As always 'it depends', but I'd suggest the battery manager is smarter than you are are regards maintaining the optimal state of charge to keep the battery happy. The only thing is that it has no prescience over what you're going to do in future - eg store the laptop for months unplugged - but otherwise I'd suggest it's best to leave it to it.

That doesn't apply so much to old laptops (dumb batteries), cheaper laptops (poorly written management software) or removable batteries (in some cases the manager might be in the appliance or charger not in the battery - unlikely with laptops but can apply to eg power tools).

It'll depend on the battery manager in that particular machine, but one thing to say is keep the battery cool. If the laptop gets hot, that'll degrade battery life. Also it's worth using the battery from time to time - don't leave it on charger forever. But otherwise it's going to be pretty hard to maintain 40-80% without causing lots of charge/discharge cycles which will wear the battery.

Theo

Reply to
Theo

it probbably depends on teh tyep of battery and the make of teh battery and charging circuit, I'm sure Apple used to advise discharging it comnpletely every month adn then charging it to full as this updates the info of teh b attery condition so it can fully charge rather than part charge.
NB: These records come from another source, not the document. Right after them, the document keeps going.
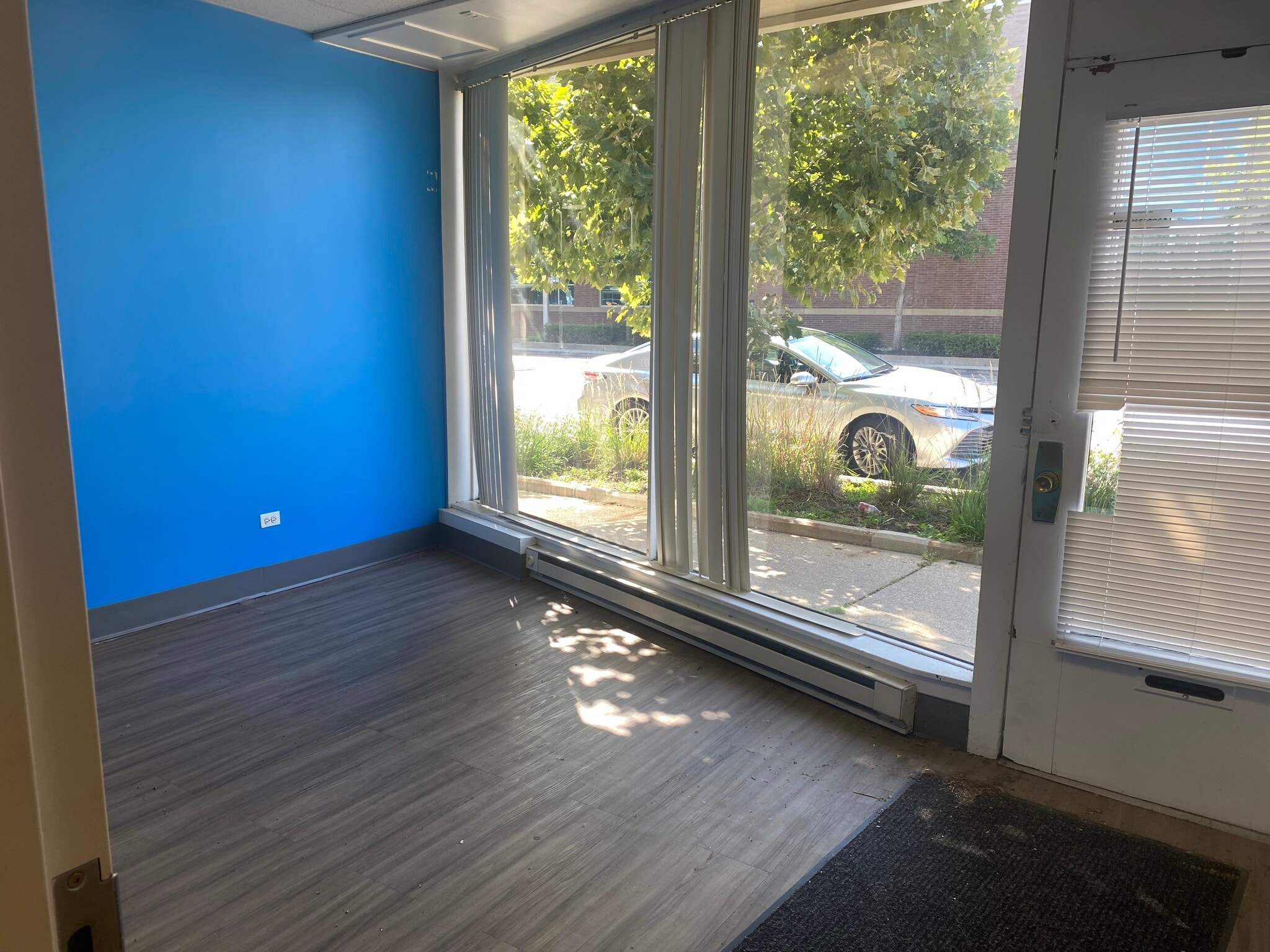 18-22 Lake St, Oak Park, IL for lease Interior Photo- Image 1 of 4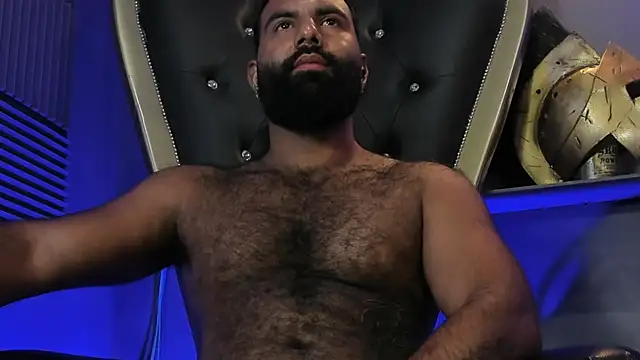 BeardAndrew live sex cam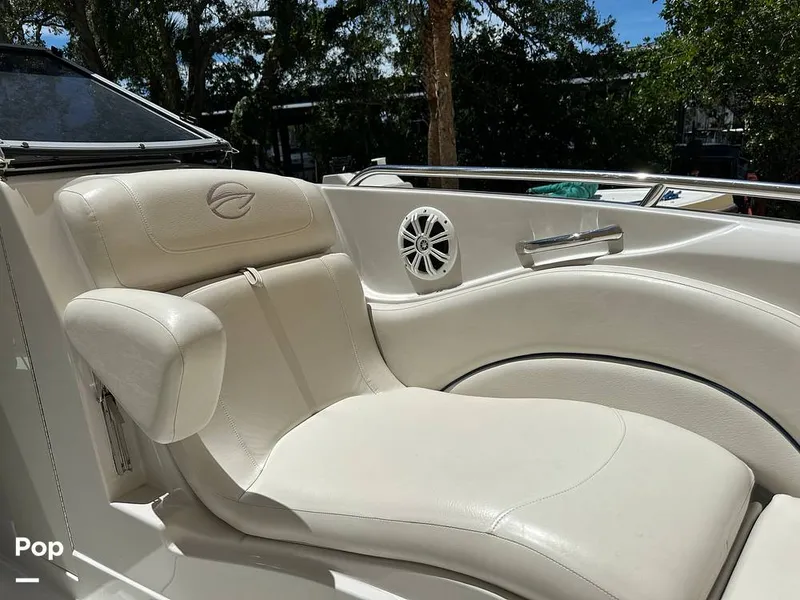 Slide: The Image of Crownline Boats 260 LS 2007 - 14676022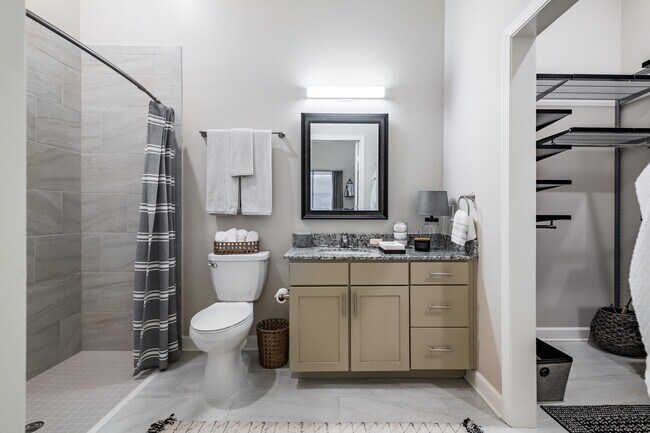 Photo - Holbrook Acworth - Active Senior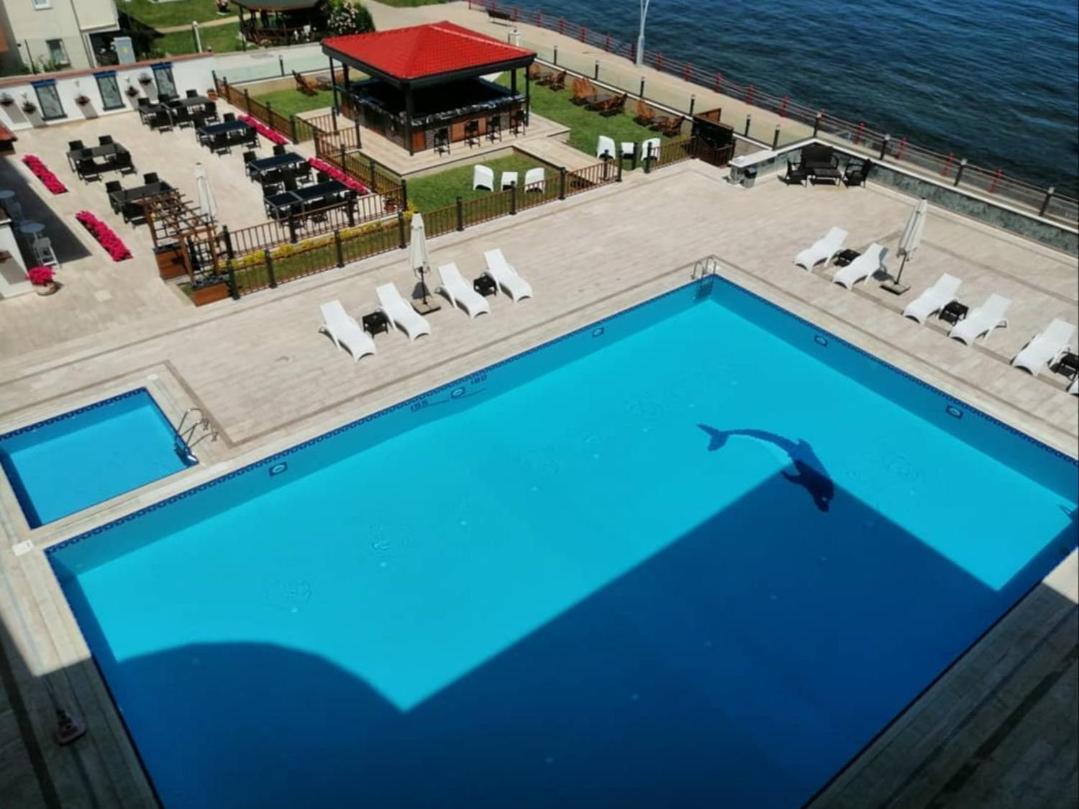 Blue Pier Hotel Kocaeli Esterno foto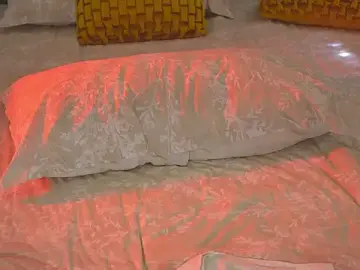 NaomiSainz  live sex cam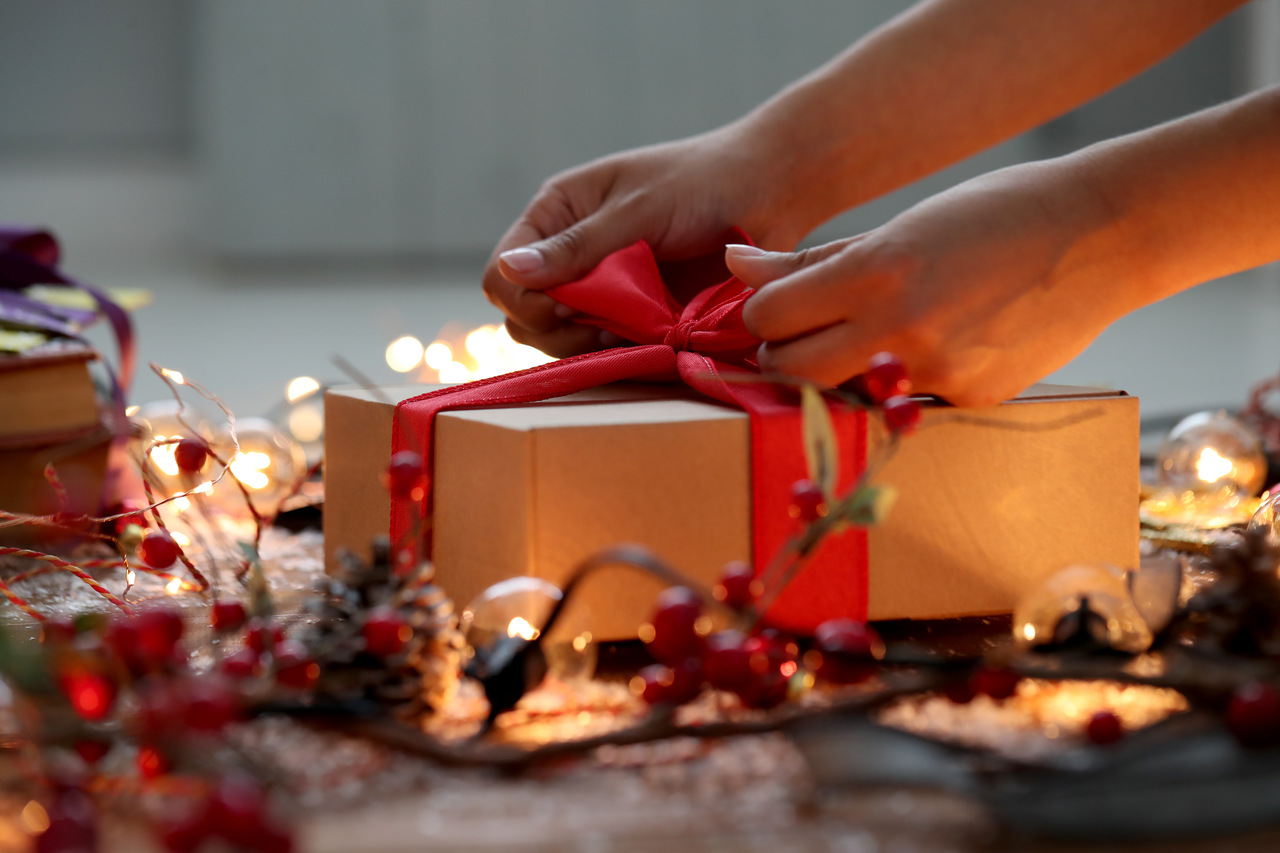 5 ways to wrap gifts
well yes they have a 'life cycle' but I'm not sure with todays battereis wh ether charging them up every hour to keep them charged is the best option on to let them go below 10% is best. Not havign a labtop means I don;lt have to think about it. I charge my iup ad when I;m NOT using it and it;s below about 50% charged. Last night it stopped while I was listening to a podcast 4% was the last I noticed. So at 1:10am I decided I might as well go to bed and charge the ip ad ready for the morning.

Reply to
whisky-dave

With my sony touch screen vaio, sony themselves say set charge to 80% makes it last longer.

Reply to
F Murtz

the latter.

longevity of Li-ion is vastly reduced at high states of charge, more than the issues of multiple shallow cycling.

Reply to
The Natural Philosopher

My wife's Samsung netbook has a setting for battery conservation which is 80%. If we are travelling we reset this to 100% but at home it is back to 80%. This is an early 2012 purchase and without specific testing the battery appears fine.

For my main Lenovo laptop (2007) I have two batteries. The original and now basically defunct battery is in all the time, it just about has enough juice to shut down on no power. The other I only use if I'm about to travel.

I've taken the battery out of an occasionally used laptop which essentially makes it no different to a normal desktop computer as far as power is concerned.

Reply to
AnthonyL

It depends on the charger in the laptop. I have an Acer laptop - not the cheapest they did - which cooks the battery if left in the machine. So I remove it when not needed. A better designed one wouldn't cause problems.

Reply to
Dave Plowman (News)

Both are true, but keeping it fully charged all the time kills it even faster than cycling it through periodic discharge. It is bad to keep it near either end of the spectrum for long periods of time. How hot the PC gets plays a part too - and they generally run faster and hotter on mains when all power saving features are typically disabled.

Charged and on mains supply is how I generally killed my portables - it runs faster when on mains so it generally is unless I'm travelling.

Deep discharged and left for a long period of time will brick it into a state where safety features will (should) prevent it ever working again.

Even so you should cycle the battery to 20% or lower and then recharge at least once a month. I have killed plenty of laptop batteries on continuous power. The newer chemistry is a bit more robust but in search of ever greater energy density that margin gets eroded again.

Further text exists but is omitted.